James Cameron goes 3D in Brazil to shoot 'the real' AVATAR
Have you ever come across a tech-savvy teenager who just can't keep his / her fingers off their mobile Facbook apps for 5 minutes...and has to constantly keep everyone "updated" via Twitter every 10 minutes...and can't survive a day without having some form of networking tool with them? Sure you have. Well, James Cameron is exactly like that, only he seems to have the urge to take his 3D cameras everywhere, even if its completely out of context. The Avatar director claimed on Sunday that he is returning to Brazil to 'make a 3D film on indigenous people of the Amazon who oppose construction of a huge dam for fear it could flood tribal lands.' "I want to return to meet some of the leaders of the Xikrin-Kayapo tribe who invited me.
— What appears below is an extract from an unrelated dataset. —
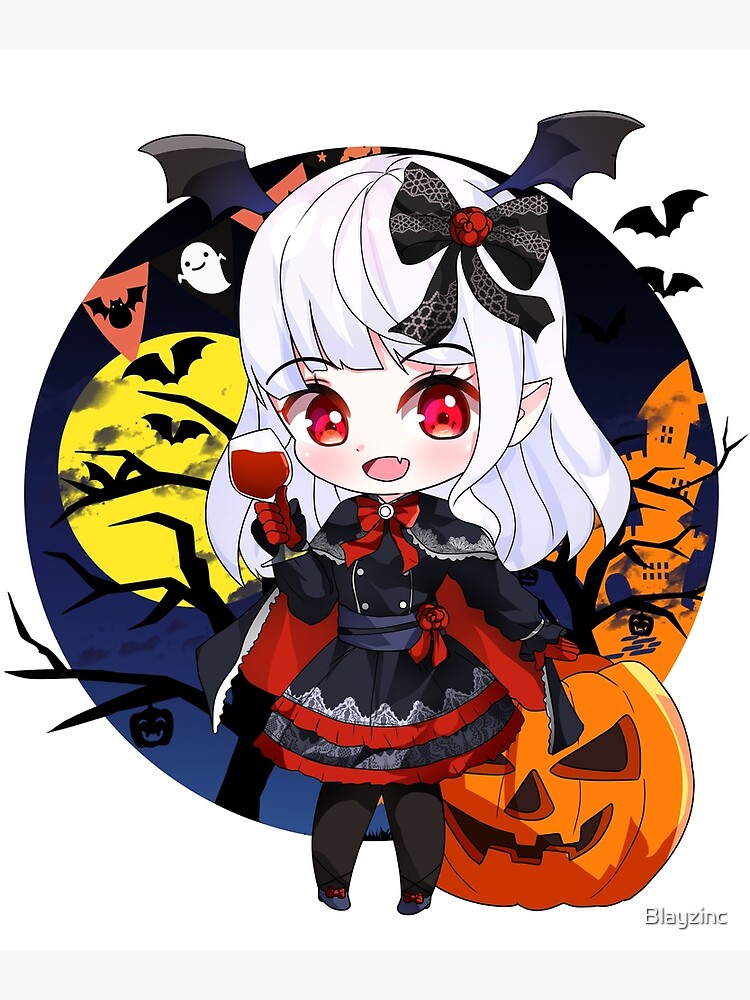 “Halloween Chibi Dracula Anime Pinup Vampire " Poster for Sale by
I want to take a 3D camera to film how they live, their culture," Cameron told the Folha de Sao Paulo newspaper. So far, Cameron has visited the Amazon twice to show support for its people and also to film some footage on the resistance to the damming on Xingu River. From what we've heard, this footage will make it to the special edition Blu-Ray / DVD release of Avatar later this year. Right now, this is what we have so far on said damming project :
"President Luiz Inacio Lula da Silva gave the green light last week for the construction of the Belo Monte hydroelectric plant on the Xingu River, a southern tributary to the mighty Amazon. Work is set to begin on the project either late this year or early 2011. Opponents of the dam project say it is not economically viable and would cause the displacement of 16,000 people because it would create a flood zone of 500 square kilometers along the banks of the Xingu. The government says no indigenous land would be threatened and that it has spent millions on reducing the social and environmental impact of the dam."Cameron seems to have given himself the obligation to help this tribe, explaining that he "did a film on the same topic", referring to Avatar, and that he could not play deaf towards the issues happening over there. All this sounds well and good to me, it's all for a good cause after all, but why the 3D? How does 3D help to solve a very real damming project? Correct me if I'm wrong but as talented as the guy is, Cameron seems to be getting even more full of himself lately. First he starts giving unwarranted advice to every other director under the sun, simultaneously self-proclaiming himself as the 3D messiah, and now he's going around trying to shoot everything and anything with an extra dimension? Yeah sure, like I'd love to see a documentary about a very concerned group of tribespeople while having their faces be virtually 3inches away from mine. How fun. Note the sarcasm.